● **Instructions to follow**: All of the data below should be set down again verbatim, without any images.

● **Dataset records**:
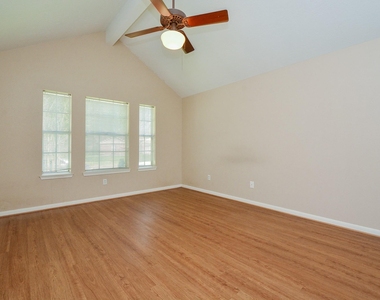 22811 Market Square Lane - Photo Thumbnail 24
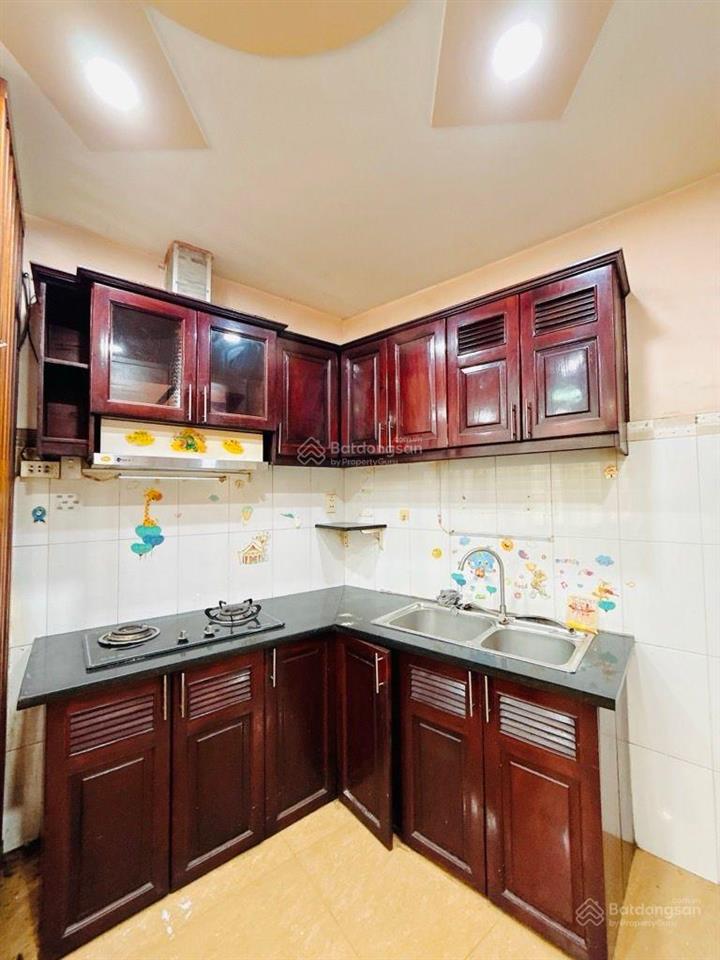 Bán nhà xinh  q1 trần hưng đạo 26m2  3 tầng  hẻm 3m  an ninh sổ riêng  chỉ hơn 5 tỷ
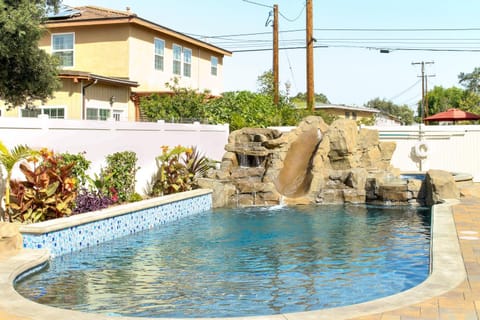 F-33 Walts Place House in Anaheim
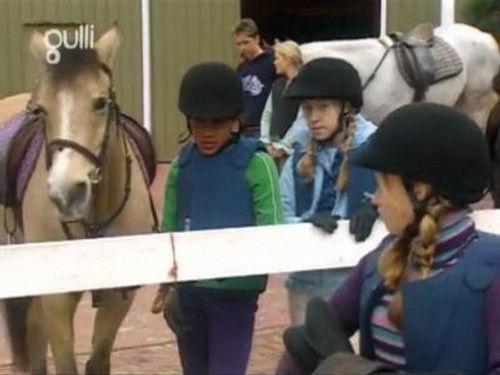 The Saddle Club Season 2 Episode 13 - Stevie's Bad Day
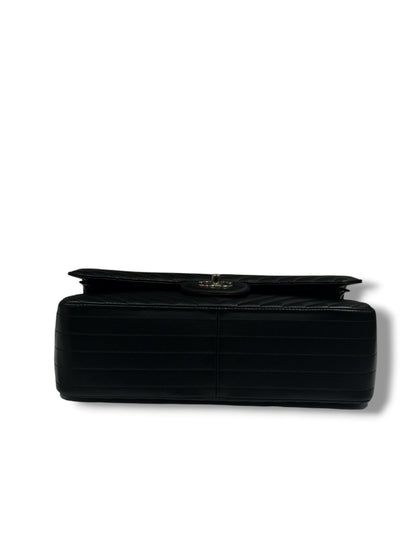 Chanel - Sac Jumbo noir cuir caviar chevron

● **Output for this exercise**:
 22811 Market Square Lane - Photo Thumbnail 24
 Bán nhà xinh  q1 trần hưng đạo 26m2  3 tầng  hẻm 3m  an ninh sổ riêng  chỉ hơn 5 tỷ
 F-33 Walts Place House in Anaheim
 The Saddle Club Season 2 Episode 13 - Stevie's Bad Day
 Chanel - Sac Jumbo noir cuir caviar chevron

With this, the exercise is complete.